Enabling JWT Protection
To use this feature, please follow a few simple steps:
- Enable the feature in the Scalia Portal. This can be done by logging in to your account and navigating to the configuration section of the preferred CDN entry.
- From the configuration wizard toggle “JWT Protection” and supply a secret key. This key should be kept secure and not shared with unauthorised individuals.
- After selecting "Save", the CDN will not serve any assets without having proper authentication in the form of a token.
Generating a Token
In most cases the client application will generate and supply an end user with an JWT Token. Scalia JWT Protection requires a token with the following format.
| Header | Required | Value |
|---|---|---|
| alg | Yes | HS256 |
| typ | Yes | JWT |
| Claim | Required | Remark |
|---|---|---|
| iat | Yes | Unix timestamp; time of generating the Token |
| nbf | Yes | Unix timestamp; time when token will be valid |
| exp | Yes | Unix timestamp; time when token will expire |
| file | No | String; path of the asset which will be bound to the token |
| ip | No | String; IP which will be bound to the token |
We recommend using the available tooling at jwt.io, you may find an example of an JWT token with all the above Claims here.
Evaluation
Tokens are evaluated in sequence, with each claim being evaluated one at a time. If any of the evaluations appear invalid, the access to the asset will be rejected. The following is a more detailed explanation of the token evaluation process:
- Signature Verification: The first step is to verify the token signature using the secret key. This ensures that the token has not been tampered with and was issued by a trusted party.

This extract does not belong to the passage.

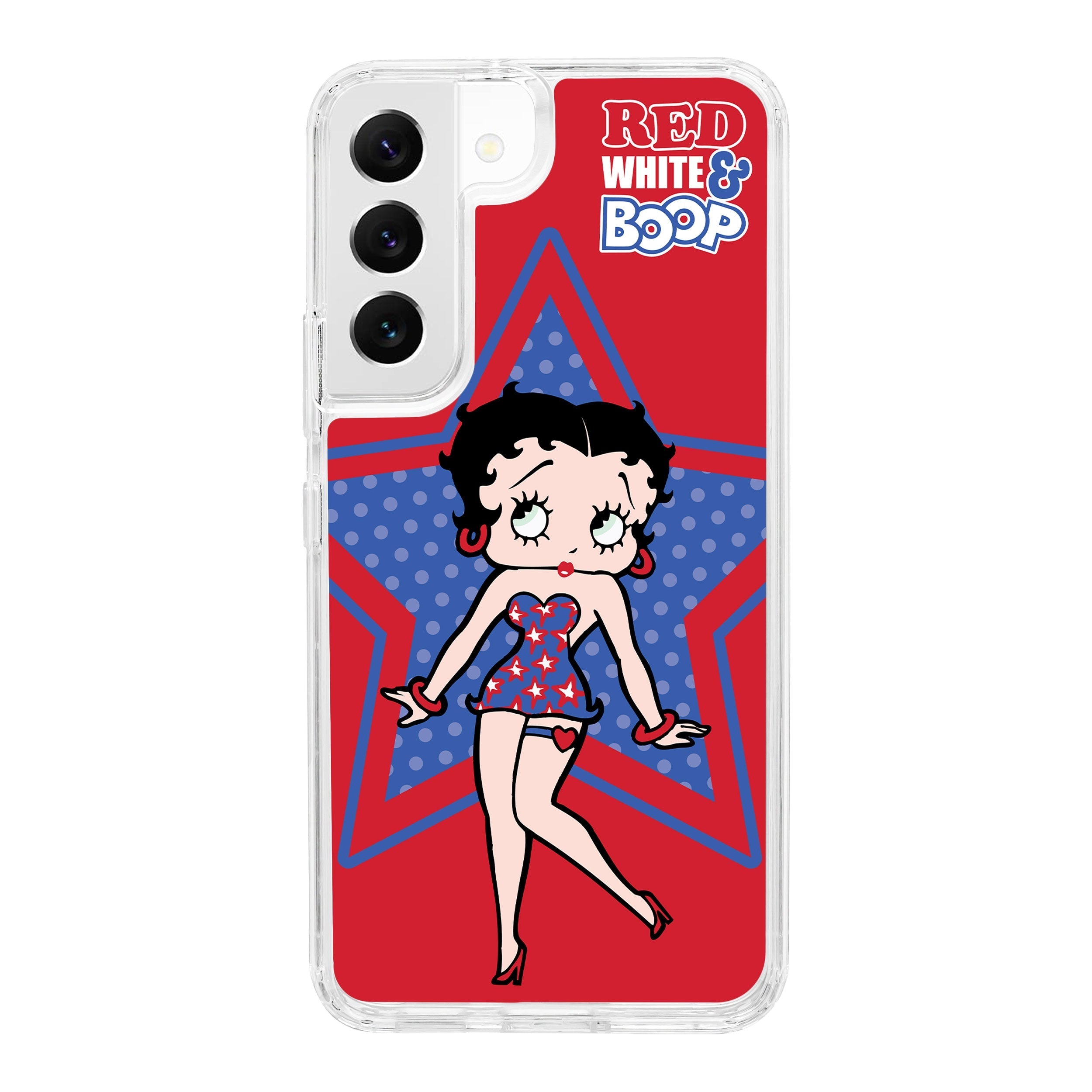 Betty Boop Red White & Boop HD Samsung Galaxy S24 Phone Case Affinity Bands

- Not Before Check: The not-before (nbf) claim is checked to ensure that the token is not being used before its intended time. If the current time is before the nbf claim, access to the asset will be denied.
- Expiration Check: Next, the expiration time (exp) claim is checked to ensure that the token has not expired. If the token has expired, access to the asset will be denied.
- File Check: The file claim is checked to ensure that the token was issued for the requested asset. If the file does not match the request path, access to the asset will be denied.
- IP Check: The IP (ip) claim is checked to ensure that the token was intended for the current requester. If the remote IP of the requester does not match ip , access to the asset will be denied.
Implementation
After generating the token and signing it with the secret key it can be used within the Scalia CDN. To use the feature, you must append the token parameter to the CDN URL followed by your generated JWT token. For example:
https://cdn.example.com/assets/image.jpg?token=eyJhbGciOiJIUzI1NiIsInR5cCI6IkpXVCJ9....
By following these simple steps, you can quickly and easily enable the JWT token authentication feature and enjoy secure access to your assets on the CDN. This feature provides an additional layer of security to ensure that only authorised individuals can access the files on the network.
Overall, the use of JWT tokens is a secure and easy way to protect assets on a CDN. With the JWT token authentication feature, you can enjoy peace of mind, knowing that your assets are secure and protected from unauthorised access.